Our estimates of bharal density in summer (0.5 ± SE 0.1 individuals/km2) and winter (0.6 ± SE 0.2 individuals/km2) were similar. Estimates of bharal densities from three different locations in Spiti, the nearest trans-Himalayan landscape (using standardized double observer method; Suryawanshi et al., Reference Suryawanshi, Bhatnagar and Mishra2012) were 1.60, 1.49 and 3.19/km2. Estimates of bharal densities in our study are low compared to those of Spiti can be expected because of differences in habitat type and topography. The Spiti landscape comprises vast trans-Himalayan meadows (Biotic Province 1B; Rodgers et al., Reference Rodgers, Panwar and Mathur2000), whereas our study area consists primarily of narrow valleys and gorges with rough terrain and barren slopes (Biotic Province 1C; Kumar et al., Reference Kumar, Adhikari and Rawat2017; Plate 1). The differences of bharal density estimates and mean group sizes (9.6 in Nilang valley vs 13.1 in Kibber, Spiti) between these two areas may thus be a result of differences in habitat quality. In addition, Nilang valley is affected by anthropogenic disturbances such as hunting (Bhardwaj et al., Reference Bhardwaj, Uniyal and Sanyal2010), livestock grazing (Chandola, Reference Chandola2009; RP pers. obs., 2017) and presence of free-ranging dogs (Pal et al., Reference Pal, Thakur, Arya, Bhattacharya and Sathyakumar2020). The differences could also be caused by different survey techniques. We were unable to estimate bharal density using the point count distance method because of insufficient observations. The double observer method used to estimate bharal density in trans-Himalayan habitat requires visual coverage of the entire survey area in a short period, a requirement that could not be fulfilled in our study because parts of the study area were inaccessible and visual coverage was insufficient (Plate 1).
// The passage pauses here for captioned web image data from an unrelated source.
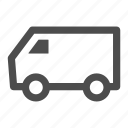 logistics, van, shipping, vehicle, transportation, ecommerce, traffic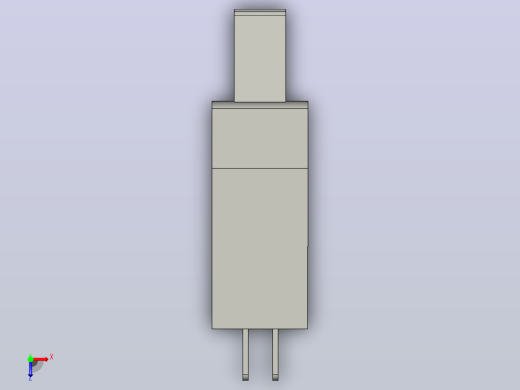 MIL连接器MIL连接器ZIS03-10俯视缩略图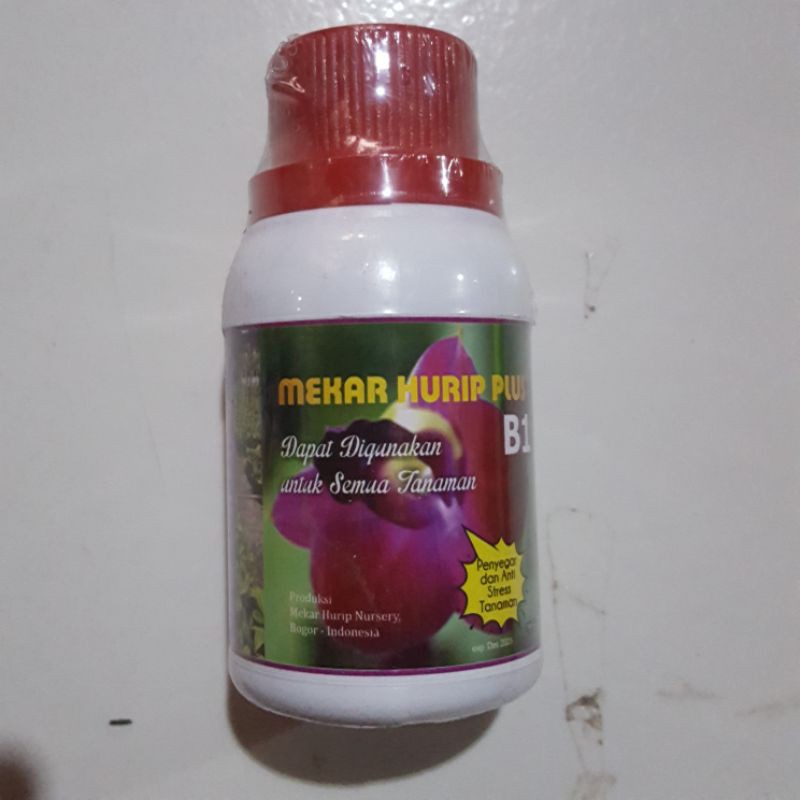 Vitamin B1 Tanaman Mekar Hurip Plus 100ML Untuk Semua Tanaman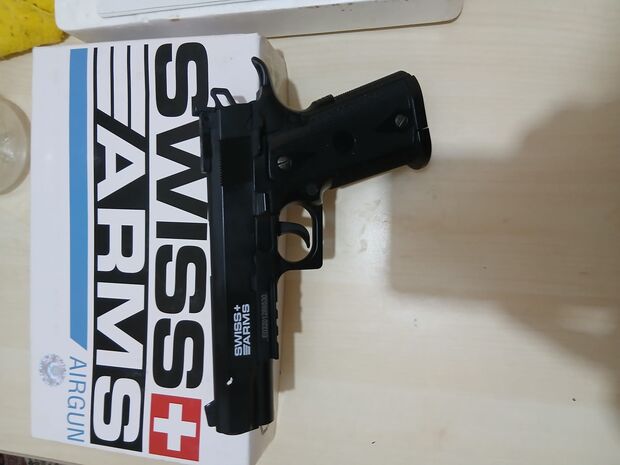 SWISS ARMS P1911 MATCH AIRSOFT TABANCASI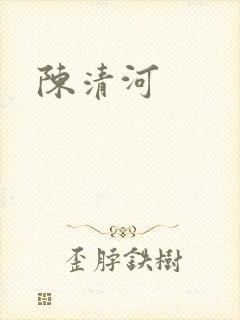 陈清河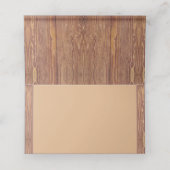 Houten Panelen Plaats Kaart (Binnenkant ongevouwen)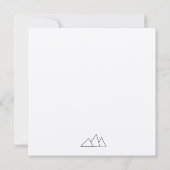 Frida Collection Carte d'anniversaire (Dos)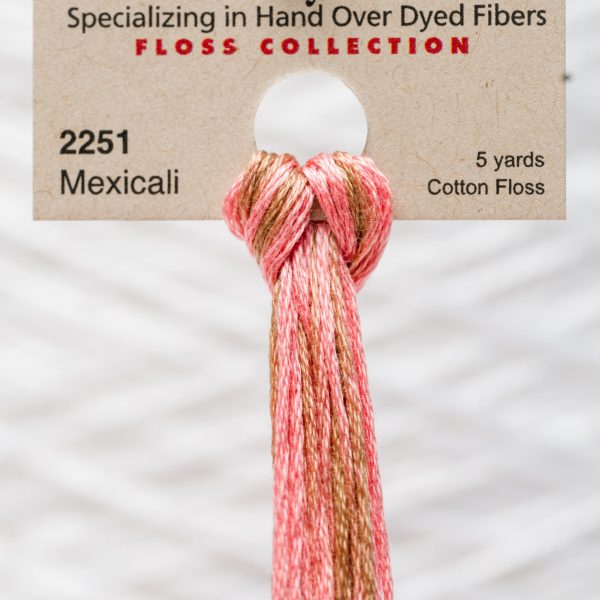 Weeks - Mexicali 5 yards 6 strand skein 2251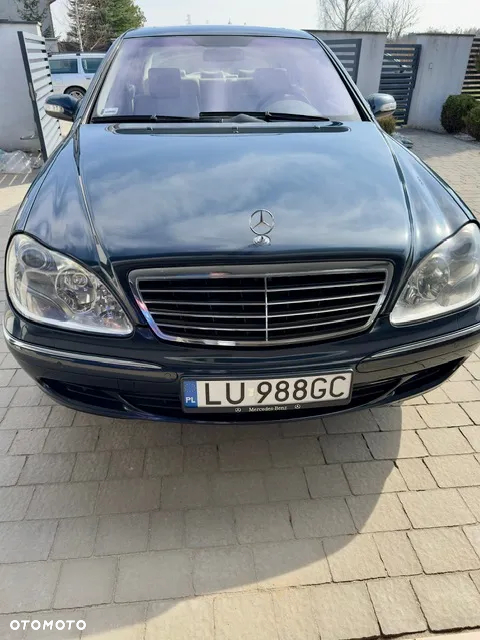 Mercedes-Benz Klasa S 500 L 4-Matic - 4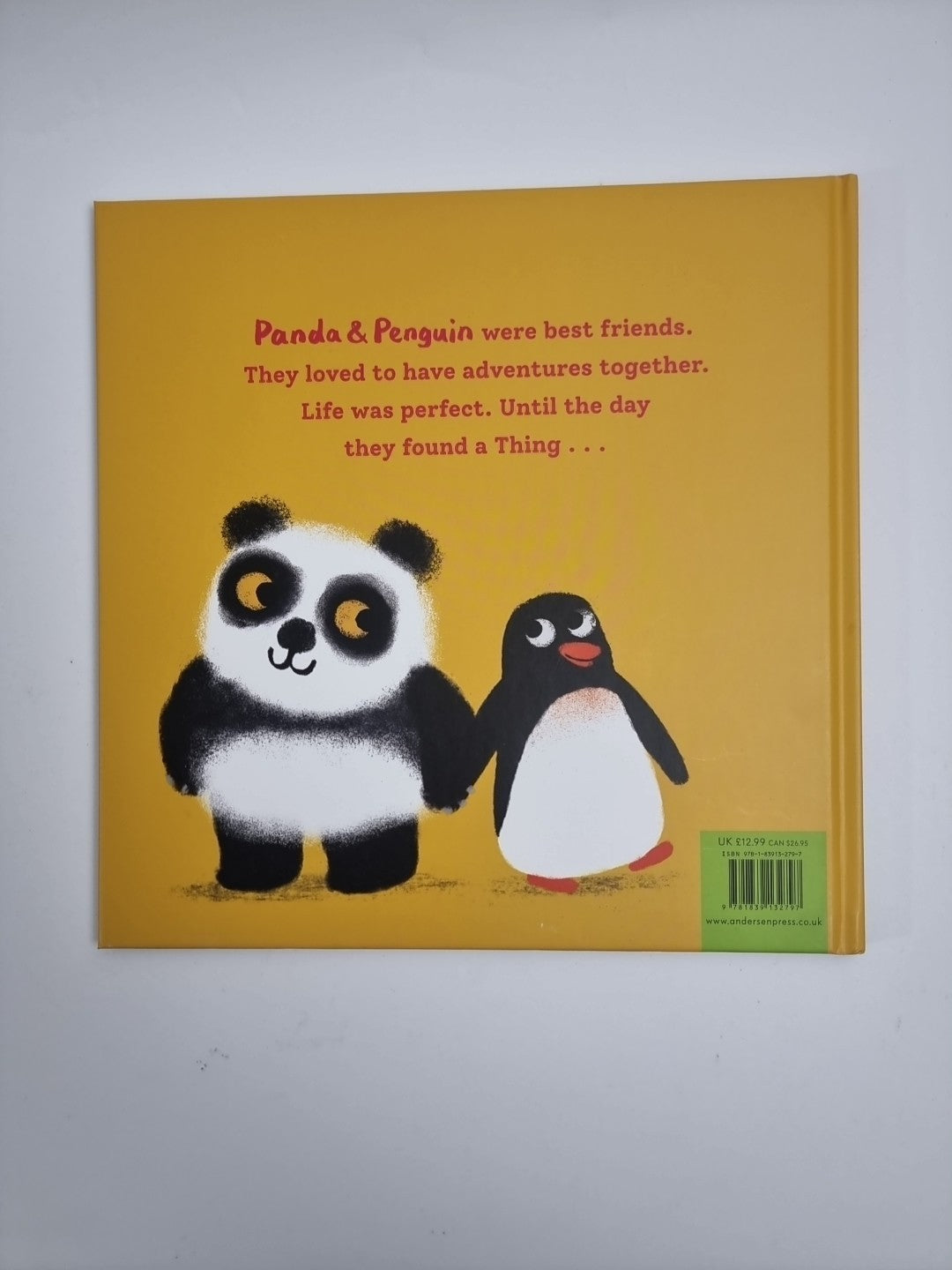 Panda and Penguin Find A Thing, Hicks, Zehra New Free Tracked Delivery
Plate 1 The study was conducted in the trans-Himalayan part (Nilang valley) of Gangotri National Park characterized by dry alpine scrub vegetation, broken terrain, deep gorges, high gradient slopes, and narrow valleys (a), and in the subalpine portion of the Park and Uttarkashi Forest Division (b) within Uttarakhand State, India.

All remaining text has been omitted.